TASK STATEMENT>
Please, without any pictures, set down exactly the part of the listing below that opens with the line containing "Bút ký 072 bút kí cao cấp" and closes with the line containing "KIT AMORTECEDOR DIANTEIRO".

AVAILABLE DATA>
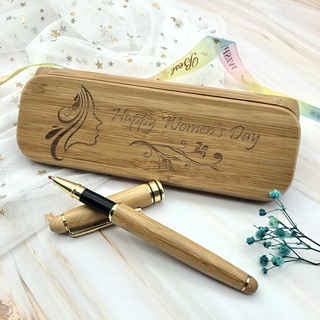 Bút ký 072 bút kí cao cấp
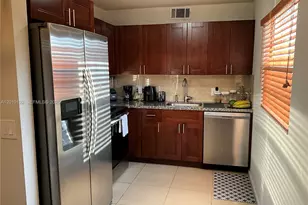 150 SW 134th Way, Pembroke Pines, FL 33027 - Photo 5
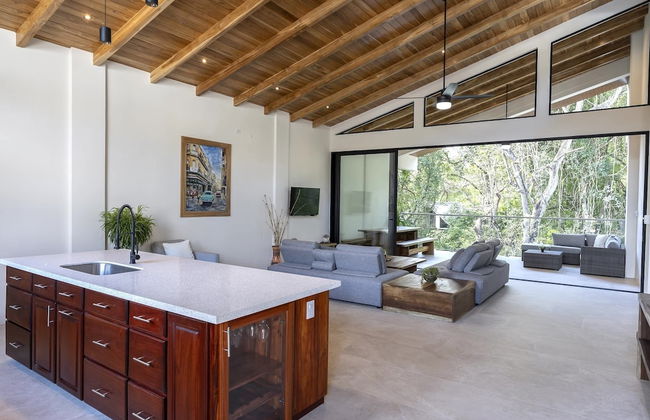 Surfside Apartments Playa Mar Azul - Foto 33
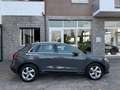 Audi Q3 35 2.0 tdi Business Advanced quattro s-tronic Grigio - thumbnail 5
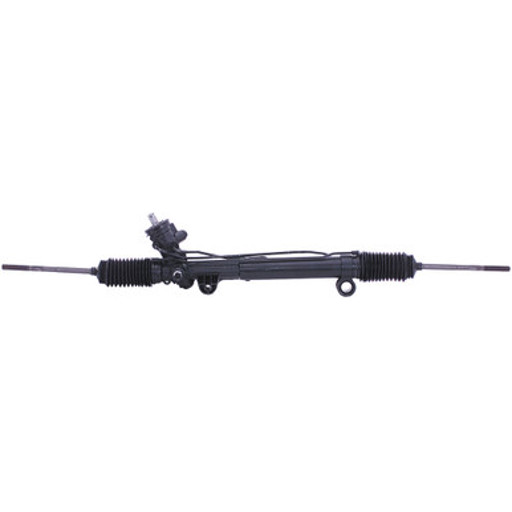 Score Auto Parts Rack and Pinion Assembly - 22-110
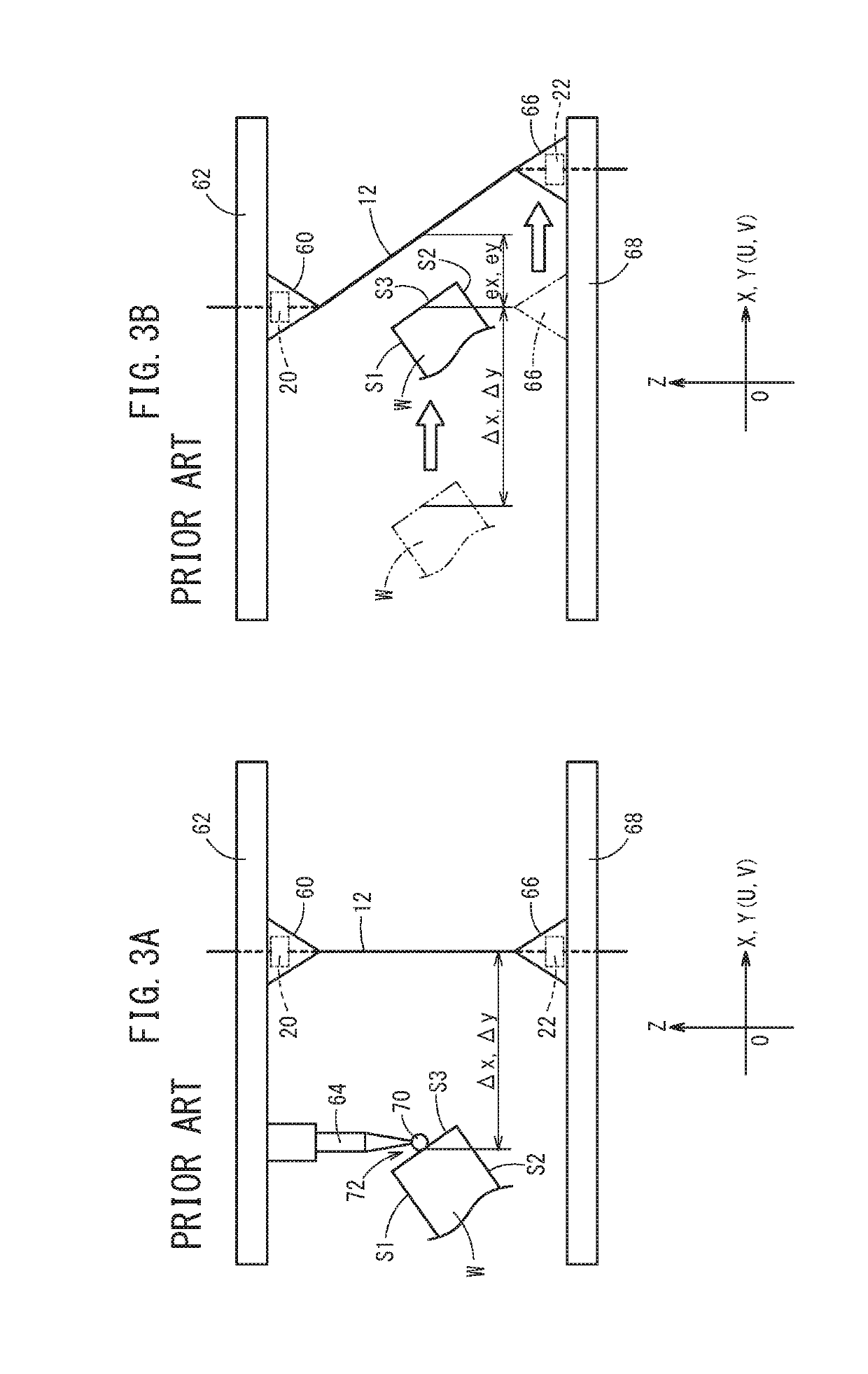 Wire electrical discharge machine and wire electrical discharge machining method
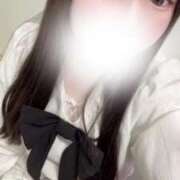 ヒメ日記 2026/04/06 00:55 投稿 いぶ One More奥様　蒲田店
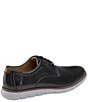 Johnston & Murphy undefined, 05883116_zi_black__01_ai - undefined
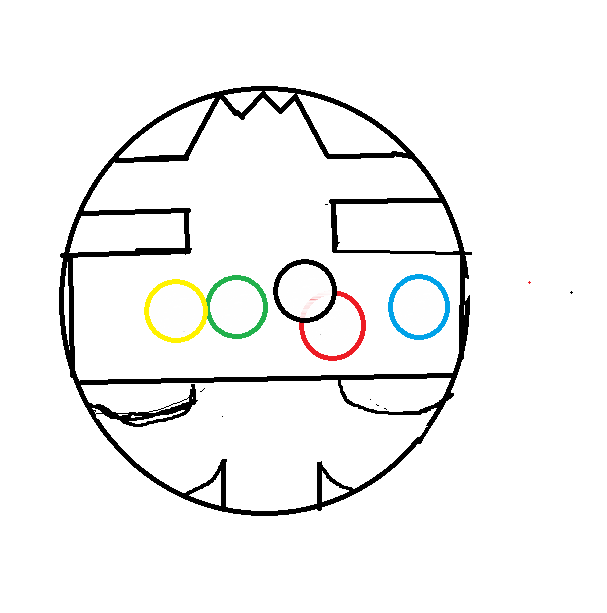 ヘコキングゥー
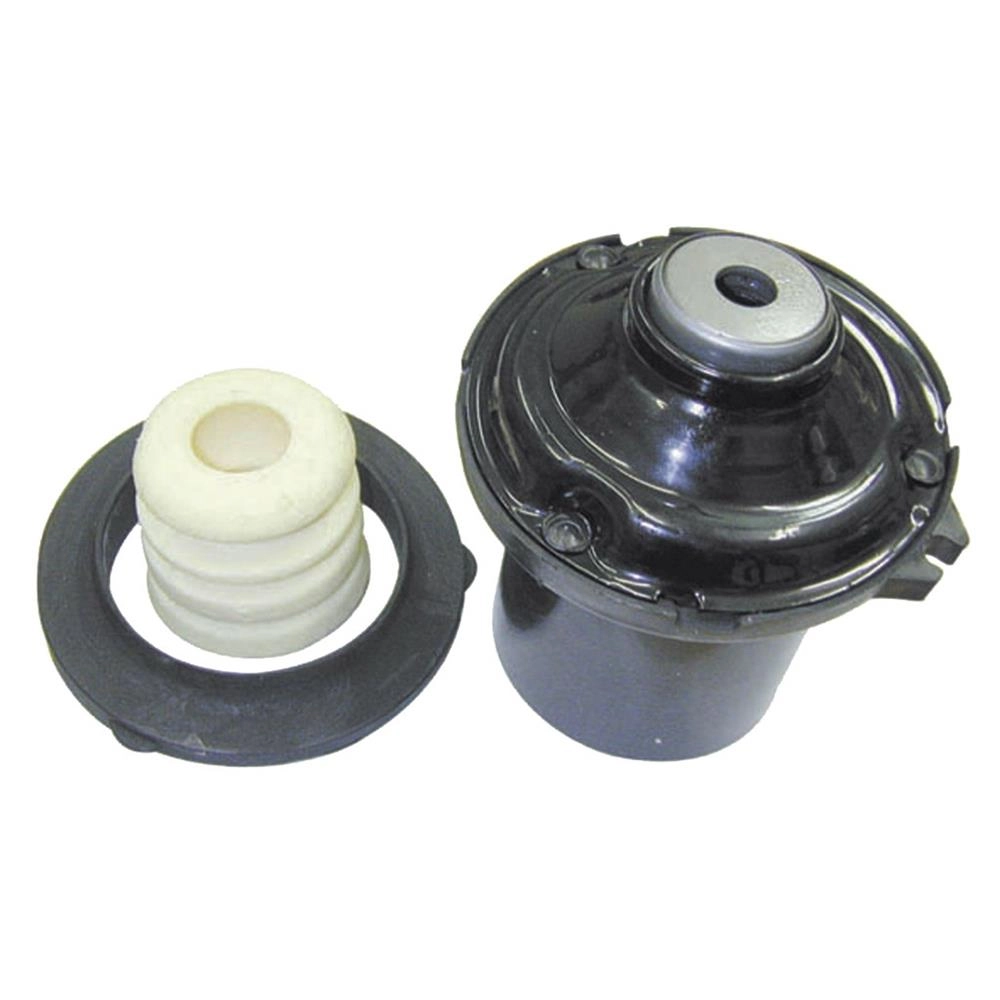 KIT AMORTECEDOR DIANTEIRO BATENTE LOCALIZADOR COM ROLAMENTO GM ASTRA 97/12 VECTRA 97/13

==

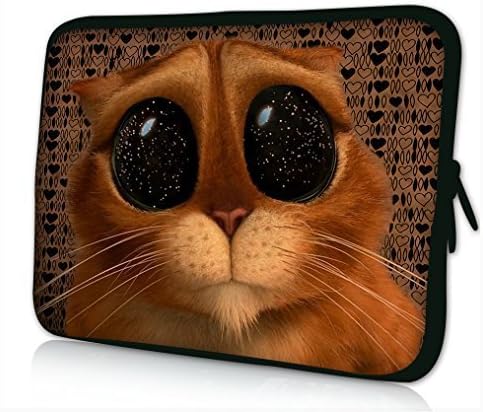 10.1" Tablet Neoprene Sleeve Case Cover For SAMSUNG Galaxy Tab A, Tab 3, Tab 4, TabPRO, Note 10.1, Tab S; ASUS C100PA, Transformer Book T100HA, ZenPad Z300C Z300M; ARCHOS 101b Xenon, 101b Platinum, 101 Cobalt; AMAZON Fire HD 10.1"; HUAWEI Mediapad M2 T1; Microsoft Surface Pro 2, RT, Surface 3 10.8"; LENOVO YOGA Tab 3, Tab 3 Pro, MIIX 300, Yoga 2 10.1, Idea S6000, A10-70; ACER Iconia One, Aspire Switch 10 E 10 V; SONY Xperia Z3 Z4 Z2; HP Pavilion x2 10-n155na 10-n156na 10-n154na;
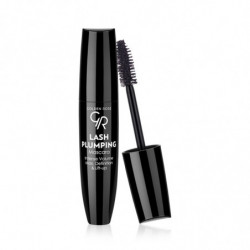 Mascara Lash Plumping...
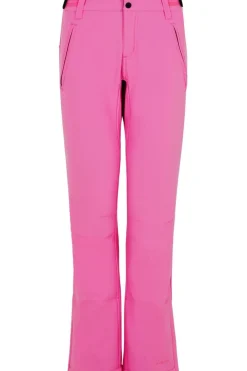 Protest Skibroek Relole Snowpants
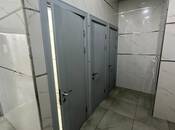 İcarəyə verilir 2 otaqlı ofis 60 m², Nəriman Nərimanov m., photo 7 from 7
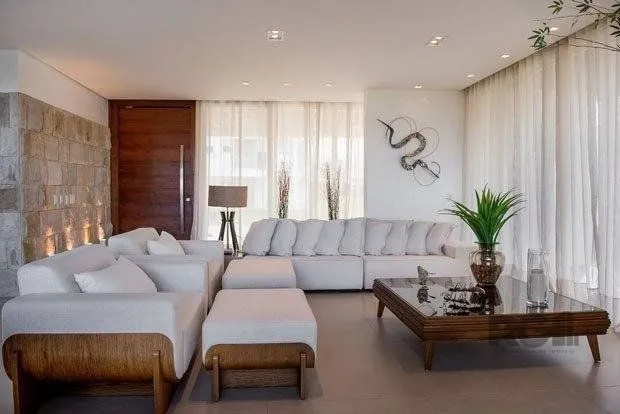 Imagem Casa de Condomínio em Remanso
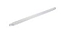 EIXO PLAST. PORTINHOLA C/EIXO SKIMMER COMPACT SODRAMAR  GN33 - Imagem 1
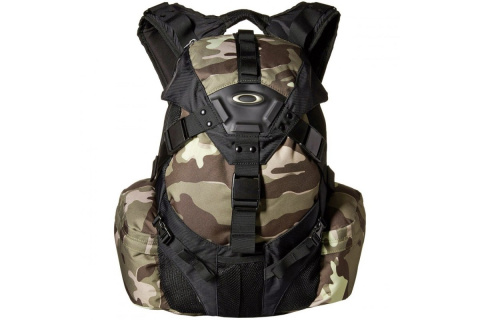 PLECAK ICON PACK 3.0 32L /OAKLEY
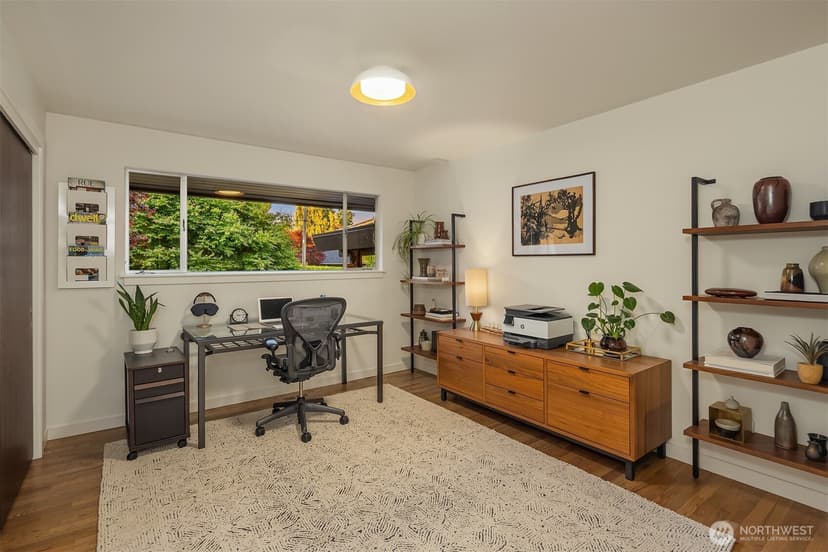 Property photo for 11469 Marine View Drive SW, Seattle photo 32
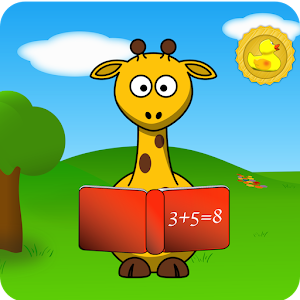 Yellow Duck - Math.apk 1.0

* * *

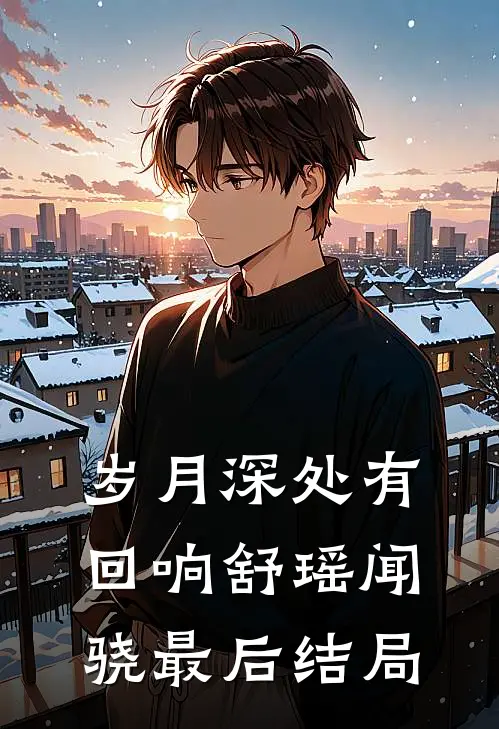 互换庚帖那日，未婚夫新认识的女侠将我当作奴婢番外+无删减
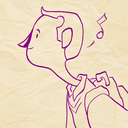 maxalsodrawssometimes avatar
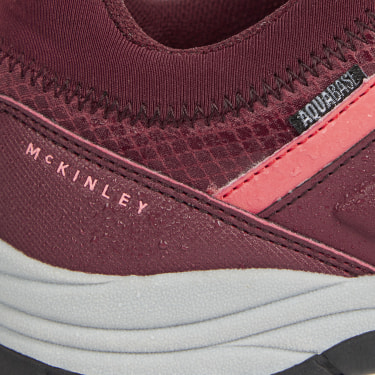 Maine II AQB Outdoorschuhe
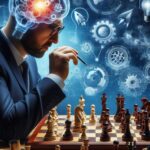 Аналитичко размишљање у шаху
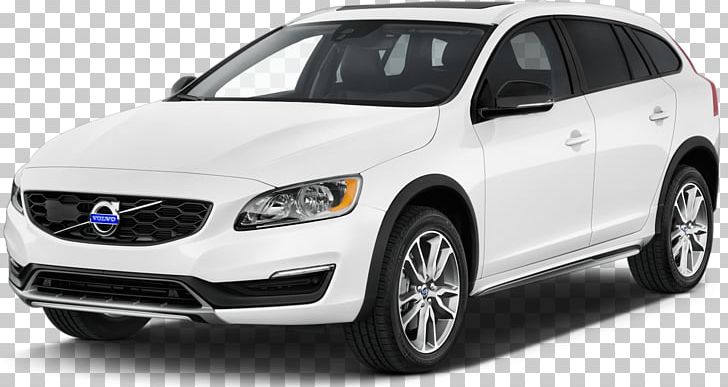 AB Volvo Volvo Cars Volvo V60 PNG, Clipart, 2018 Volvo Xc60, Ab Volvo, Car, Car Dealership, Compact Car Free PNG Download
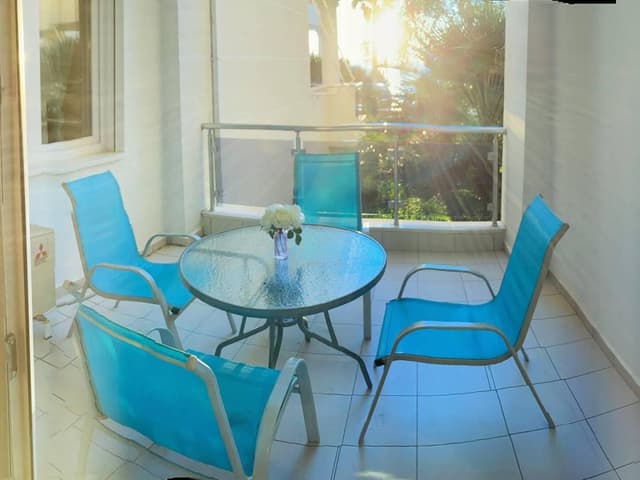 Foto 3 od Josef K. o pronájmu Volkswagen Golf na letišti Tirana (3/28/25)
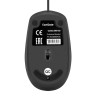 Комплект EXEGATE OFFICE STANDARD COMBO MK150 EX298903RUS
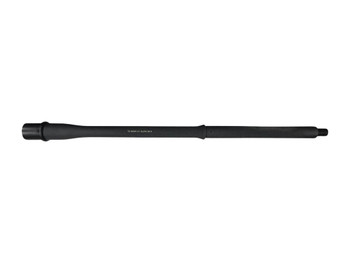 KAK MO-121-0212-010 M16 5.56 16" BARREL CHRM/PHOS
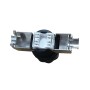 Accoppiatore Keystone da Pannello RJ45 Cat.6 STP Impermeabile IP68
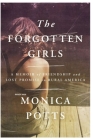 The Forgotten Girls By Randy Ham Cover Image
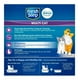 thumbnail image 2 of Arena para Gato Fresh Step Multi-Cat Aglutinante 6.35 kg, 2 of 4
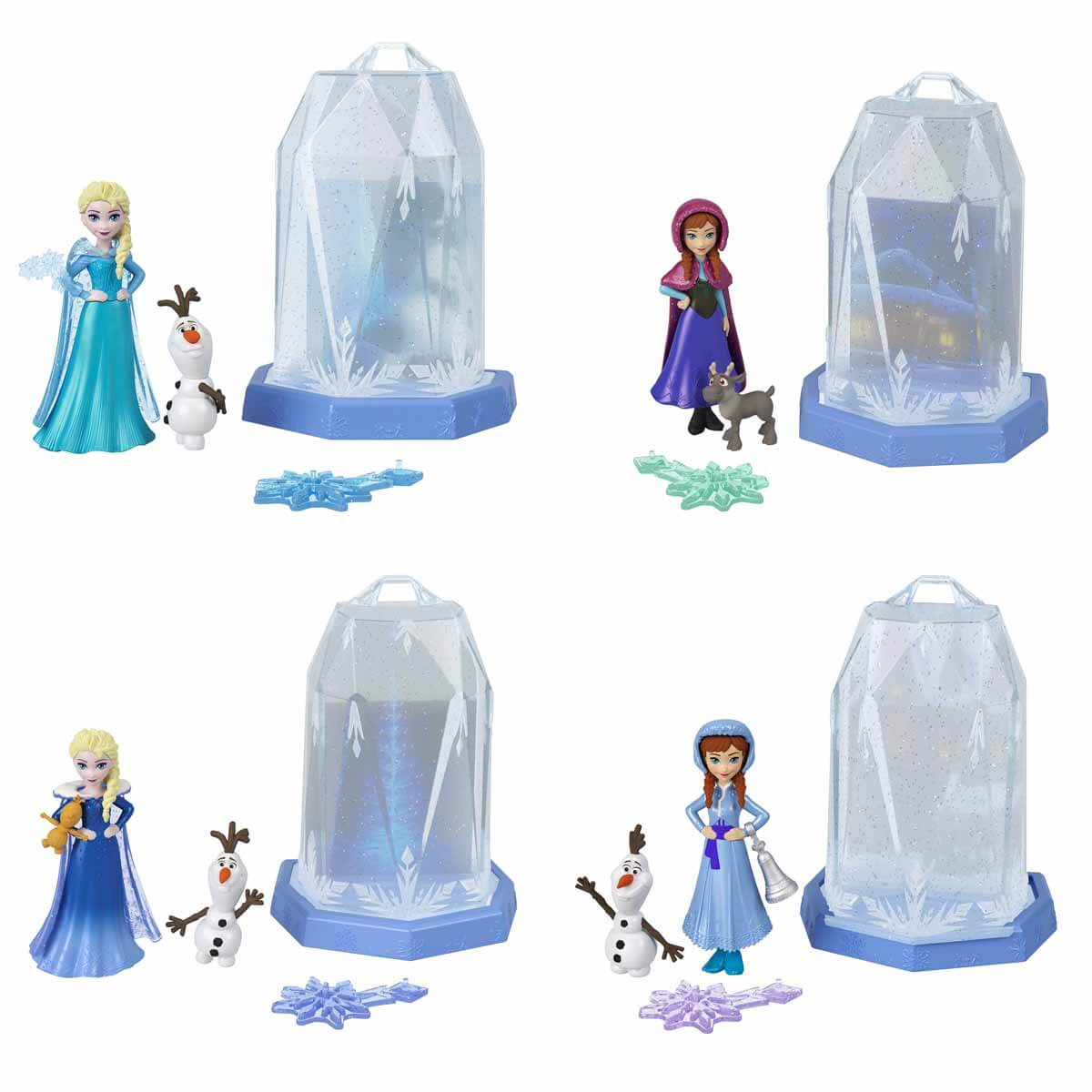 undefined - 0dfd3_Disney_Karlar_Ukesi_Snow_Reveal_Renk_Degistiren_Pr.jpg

ANSWER FOR THE TASK>
 Bút ký 072 bút kí cao cấp
 150 SW 134th Way, Pembroke Pines, FL 33027 - Photo 5
 Surfside Apartments Playa Mar Azul - Foto 33
 Audi Q3 35 2.0 tdi Business Advanced quattro s-tronic Grigio - thumbnail 5
 Score Auto Parts Rack and Pinion Assembly - 22-110
 Wire electrical discharge machine and wire electrical discharge machining method
 ヒメ日記 2026/04/06 00:55 投稿 いぶ One More奥様　蒲田店
 Johnston & Murphy undefined, 05883116_zi_black__01_ai - undefined
 ヘコキングゥー
 KIT AMORTECEDOR DIANTEIRO BATENTE LOCALIZADOR COM ROLAMENTO GM ASTRA 97/12 VECTRA 97/13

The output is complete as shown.